Muitos casais procuram ajuda por manifestarem conflitos na sua relação conjugal. Entende-se, aqui, a “relação conjugal” como sendo qualquer relação que se caracteriza pelo desejo manifestado de uma união entre os pares. A busca de auxílio nesta área resulta, muitas vezes, na observância da interferência (declarada ou implícita) das figuras parentais e da posição que o cônjuge possivelmente ainda ocupa em sua família de origem. É exatamente aí que reside a maior dificuldade apresentada por muitos casais que se sentem invadidos em sua privacidade e, com isso, não autorizados a viver, de fato, uma relação afetiva com o seu parceiro. Uma das possíveis causas é o vínculo que ainda se mantém com as famílias de origem numa relação de dependência ou subserviência (sujeição).
Outro exemplo é quando os pais do casal, numa relação disfuncional, mantêm seus filhos aprisionados e a serviço de suas motivações, muitas vezes, inconscientes. Como não se trata de uma avenida de mão única, podemos também compreender que os filhos – nesta posição – acreditam obter, obviamente, ganhos secundários. O “pagamento” ou o ganho secundário pode vir através da busca do amor e do reconhecimento de sua função na tríade estabelecida. Na verdade, permanecem nesta condição tentando ocupar um lugar na família buscando sentimento de pertencimento e inclusão. Entretanto, a frustração por não conseguirem tal feito torna-se inevitável.
Freqüentemente me deparo com filhos que vivenciaram fortemente o sentimento de rejeição e a falta de validação de uma das figuras parentais (pais), causando-lhes sérios problemas de auto-estima e insegurança. Colocam-se a serviço da neurose conjugal de seus pais na tentativa de reparar a rejeição, acreditando obter a atenção, o amor e o reconhecimento através do desempenho demonstrados na tríade.
O fato é que tentar constituir uma nova família mantendo-se aliançado a outra, implica na dificuldade de entregar-se na relação que pretendem dar continuidade. É preciso, contudo, divorciar-se dessa dinâmica familiar para poder assumir a relação desejada. E para que este divórcio possa acontecer, os filhos precisam entrar em contato com o “real”, enxergando suas famílias e as relações mantidas como são de fato. Todavia, enxergar os pais reais – e não àqueles idealizados – também pode levar a um sofrimento emocional por perceberem a trama a qual foram envolvidos ou permitiram que assim fosse.

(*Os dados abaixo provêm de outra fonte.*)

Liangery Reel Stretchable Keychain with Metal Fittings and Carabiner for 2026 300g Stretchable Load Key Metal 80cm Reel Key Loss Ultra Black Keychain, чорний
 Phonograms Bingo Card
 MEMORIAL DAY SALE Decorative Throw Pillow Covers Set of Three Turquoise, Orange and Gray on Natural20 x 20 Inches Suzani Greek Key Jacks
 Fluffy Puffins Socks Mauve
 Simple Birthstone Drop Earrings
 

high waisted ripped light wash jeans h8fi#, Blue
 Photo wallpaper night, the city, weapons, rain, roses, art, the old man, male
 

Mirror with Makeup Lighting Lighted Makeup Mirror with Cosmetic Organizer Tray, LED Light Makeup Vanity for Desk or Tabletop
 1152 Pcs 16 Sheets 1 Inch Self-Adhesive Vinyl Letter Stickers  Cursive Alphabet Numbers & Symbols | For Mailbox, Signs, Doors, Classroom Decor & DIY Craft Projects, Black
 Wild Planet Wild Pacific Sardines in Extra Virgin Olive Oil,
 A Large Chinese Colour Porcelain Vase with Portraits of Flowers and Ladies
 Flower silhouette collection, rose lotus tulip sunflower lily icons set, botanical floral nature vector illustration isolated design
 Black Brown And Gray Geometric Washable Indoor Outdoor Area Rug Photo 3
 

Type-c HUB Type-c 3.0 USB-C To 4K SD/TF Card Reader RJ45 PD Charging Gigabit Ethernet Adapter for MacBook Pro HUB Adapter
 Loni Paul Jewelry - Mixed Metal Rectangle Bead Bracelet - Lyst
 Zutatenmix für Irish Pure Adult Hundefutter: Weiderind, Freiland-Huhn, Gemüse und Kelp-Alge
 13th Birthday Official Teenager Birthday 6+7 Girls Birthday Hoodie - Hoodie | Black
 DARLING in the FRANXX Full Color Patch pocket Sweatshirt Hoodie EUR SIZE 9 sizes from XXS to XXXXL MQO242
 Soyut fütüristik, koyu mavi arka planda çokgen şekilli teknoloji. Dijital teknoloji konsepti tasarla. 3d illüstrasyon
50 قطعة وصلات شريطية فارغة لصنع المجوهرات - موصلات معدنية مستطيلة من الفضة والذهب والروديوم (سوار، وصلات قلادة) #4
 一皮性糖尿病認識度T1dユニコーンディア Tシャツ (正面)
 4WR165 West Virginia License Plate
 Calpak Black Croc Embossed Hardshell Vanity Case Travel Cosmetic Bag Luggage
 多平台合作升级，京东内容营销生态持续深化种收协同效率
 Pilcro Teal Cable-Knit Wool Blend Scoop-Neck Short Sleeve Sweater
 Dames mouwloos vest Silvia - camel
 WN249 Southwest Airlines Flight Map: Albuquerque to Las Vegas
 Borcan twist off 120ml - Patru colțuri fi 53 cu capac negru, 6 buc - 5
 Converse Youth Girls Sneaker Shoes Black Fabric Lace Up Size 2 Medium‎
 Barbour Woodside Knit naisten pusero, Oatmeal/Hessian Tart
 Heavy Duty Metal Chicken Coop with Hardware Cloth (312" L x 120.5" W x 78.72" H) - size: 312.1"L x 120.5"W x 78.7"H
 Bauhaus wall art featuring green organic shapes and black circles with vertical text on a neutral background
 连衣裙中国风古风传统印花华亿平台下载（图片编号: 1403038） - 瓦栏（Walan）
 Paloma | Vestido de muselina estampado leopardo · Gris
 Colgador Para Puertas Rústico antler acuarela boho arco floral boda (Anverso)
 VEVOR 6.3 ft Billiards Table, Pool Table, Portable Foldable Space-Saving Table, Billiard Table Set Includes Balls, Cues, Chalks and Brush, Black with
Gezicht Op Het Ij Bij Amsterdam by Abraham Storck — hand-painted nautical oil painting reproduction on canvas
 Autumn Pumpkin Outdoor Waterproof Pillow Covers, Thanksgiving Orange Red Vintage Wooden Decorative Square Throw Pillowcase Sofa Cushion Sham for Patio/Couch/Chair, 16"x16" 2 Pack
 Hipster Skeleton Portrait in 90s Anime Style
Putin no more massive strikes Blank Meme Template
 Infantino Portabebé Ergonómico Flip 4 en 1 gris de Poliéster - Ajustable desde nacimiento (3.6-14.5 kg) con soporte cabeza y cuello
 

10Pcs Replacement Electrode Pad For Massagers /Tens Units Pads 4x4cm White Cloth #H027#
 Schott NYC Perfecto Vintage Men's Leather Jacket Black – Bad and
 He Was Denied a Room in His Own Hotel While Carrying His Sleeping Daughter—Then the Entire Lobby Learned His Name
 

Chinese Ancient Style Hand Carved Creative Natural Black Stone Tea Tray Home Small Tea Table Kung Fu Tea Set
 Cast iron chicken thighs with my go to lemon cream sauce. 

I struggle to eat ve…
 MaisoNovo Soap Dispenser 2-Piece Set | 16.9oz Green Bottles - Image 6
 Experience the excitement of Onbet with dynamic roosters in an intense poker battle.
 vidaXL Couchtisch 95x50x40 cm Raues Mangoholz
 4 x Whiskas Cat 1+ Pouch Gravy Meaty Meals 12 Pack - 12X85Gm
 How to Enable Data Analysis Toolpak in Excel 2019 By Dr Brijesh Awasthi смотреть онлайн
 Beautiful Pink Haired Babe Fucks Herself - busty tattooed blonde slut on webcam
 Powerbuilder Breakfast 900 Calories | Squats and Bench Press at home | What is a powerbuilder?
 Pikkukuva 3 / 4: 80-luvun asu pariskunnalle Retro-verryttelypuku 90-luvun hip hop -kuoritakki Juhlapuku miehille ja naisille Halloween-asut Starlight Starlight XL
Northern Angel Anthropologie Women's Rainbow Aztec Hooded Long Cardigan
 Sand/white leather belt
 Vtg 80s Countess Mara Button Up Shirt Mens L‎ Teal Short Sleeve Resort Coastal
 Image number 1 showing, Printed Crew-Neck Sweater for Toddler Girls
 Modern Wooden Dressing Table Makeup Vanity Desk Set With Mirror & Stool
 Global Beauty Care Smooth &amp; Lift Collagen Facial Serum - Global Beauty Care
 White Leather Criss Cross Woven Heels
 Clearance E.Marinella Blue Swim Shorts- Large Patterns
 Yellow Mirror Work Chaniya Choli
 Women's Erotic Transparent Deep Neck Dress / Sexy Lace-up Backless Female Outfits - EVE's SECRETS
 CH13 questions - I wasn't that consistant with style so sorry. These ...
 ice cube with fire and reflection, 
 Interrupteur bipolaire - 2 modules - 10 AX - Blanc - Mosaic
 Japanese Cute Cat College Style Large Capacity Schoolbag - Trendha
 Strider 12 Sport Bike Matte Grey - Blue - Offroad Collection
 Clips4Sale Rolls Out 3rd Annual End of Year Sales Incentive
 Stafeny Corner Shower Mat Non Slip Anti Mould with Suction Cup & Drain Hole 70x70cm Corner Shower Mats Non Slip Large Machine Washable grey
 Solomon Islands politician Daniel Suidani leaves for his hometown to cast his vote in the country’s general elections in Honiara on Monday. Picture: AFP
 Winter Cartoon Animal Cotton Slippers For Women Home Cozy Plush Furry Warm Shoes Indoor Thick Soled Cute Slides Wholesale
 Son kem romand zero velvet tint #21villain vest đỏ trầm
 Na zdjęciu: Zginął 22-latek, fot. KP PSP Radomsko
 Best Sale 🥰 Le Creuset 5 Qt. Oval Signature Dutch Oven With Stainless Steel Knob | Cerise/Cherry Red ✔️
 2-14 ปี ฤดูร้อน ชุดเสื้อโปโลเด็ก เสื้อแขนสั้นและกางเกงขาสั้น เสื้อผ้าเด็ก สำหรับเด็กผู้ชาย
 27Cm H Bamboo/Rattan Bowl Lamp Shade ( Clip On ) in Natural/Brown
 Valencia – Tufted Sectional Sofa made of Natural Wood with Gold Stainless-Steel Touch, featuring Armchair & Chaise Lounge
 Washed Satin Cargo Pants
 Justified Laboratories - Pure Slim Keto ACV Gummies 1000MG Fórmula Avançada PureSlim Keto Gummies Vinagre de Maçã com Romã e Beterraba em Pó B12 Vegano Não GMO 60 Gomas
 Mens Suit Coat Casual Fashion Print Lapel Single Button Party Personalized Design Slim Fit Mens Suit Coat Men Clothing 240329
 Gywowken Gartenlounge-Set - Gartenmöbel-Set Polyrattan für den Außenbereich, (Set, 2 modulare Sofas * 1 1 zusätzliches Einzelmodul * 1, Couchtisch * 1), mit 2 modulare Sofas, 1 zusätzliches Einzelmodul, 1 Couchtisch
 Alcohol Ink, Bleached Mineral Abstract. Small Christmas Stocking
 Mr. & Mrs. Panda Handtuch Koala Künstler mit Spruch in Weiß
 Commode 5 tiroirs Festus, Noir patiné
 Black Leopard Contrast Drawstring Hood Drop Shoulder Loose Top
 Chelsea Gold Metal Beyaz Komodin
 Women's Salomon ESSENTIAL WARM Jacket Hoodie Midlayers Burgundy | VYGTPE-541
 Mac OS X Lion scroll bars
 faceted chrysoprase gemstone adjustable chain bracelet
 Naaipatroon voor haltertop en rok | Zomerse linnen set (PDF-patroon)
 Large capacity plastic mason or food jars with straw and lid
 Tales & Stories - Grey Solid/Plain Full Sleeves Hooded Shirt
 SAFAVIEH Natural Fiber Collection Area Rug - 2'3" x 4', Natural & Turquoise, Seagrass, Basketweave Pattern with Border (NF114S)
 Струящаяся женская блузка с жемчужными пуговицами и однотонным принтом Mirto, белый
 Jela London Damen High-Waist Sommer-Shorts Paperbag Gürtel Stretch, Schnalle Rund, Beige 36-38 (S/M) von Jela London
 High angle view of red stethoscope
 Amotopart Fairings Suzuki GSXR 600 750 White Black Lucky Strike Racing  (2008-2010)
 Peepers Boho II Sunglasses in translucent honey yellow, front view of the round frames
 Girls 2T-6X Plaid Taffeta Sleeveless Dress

Para divorciarem-se das famílias de origem é necessário entrar em contato com a própria rejeição que sofreram e o lugar que nunca ocuparam na família. Dizer não a estes papéis de sujeição e anulação também pode trazer alívio e uma nova possibilidade de se relacionar consigo mesmo e com o outro. Do contrário, os filhos permanecerão alvo de manipulações e chantagens emocionais originárias de seus antepassados. Há, portanto, apenas uma saída: enxergar sua verdadeira função na família de origem, fazendo a escolha mais adequada que diz respeito aos seus verdadeiros desejos e as suas reais necessidades, visando assegurar a concretização de seu Projeto de vida.
Cabe destacar que nem sempre essa tarefa – que consiste na separação-individuação – é tão simples assim de se cumprir. Muitos precisam de auxílio terapêutico para que o resultado seja alcançado.
Também é importante destacar que existe diferença entre escolha conjugal e escolha afetiva. Normalmente a primeira escolha é muito mais racionalizada (em busca do par ideal) enquanto na segunda a escolha se mostra muito mais fundamentada no afeto do casal. Obviamente que a primeira escolha implica num risco alto para o casal, já que a mesma se mostra parentalizada, ou seja, baseada em figuras parentais substitutas na tentativa de suprir as carências do passado. Não obstante, os casais mais conscientes, quando se deparam com o contrato firmado numa relação de parentela, acabam por sofrer a dolorosa falta em relação ao desejo de estabelecer uma relação homem-mulher de fato. O filme baseado no livro “Divâ”, de Martha Medeiros, mostra bem essas duas facetas no processo da escolha conjugal. A personagem Mercedes arrepende-se de ter casado com um “pai-substituto” e vai em busca de novas aventuras. Vale a pena conferir!
De tudo, resta-nos o alento de sempre encontrarmos uma saída para os nossos dilemas, buscando, sobretudo, o nosso bem-estar e a nossa realização pessoal.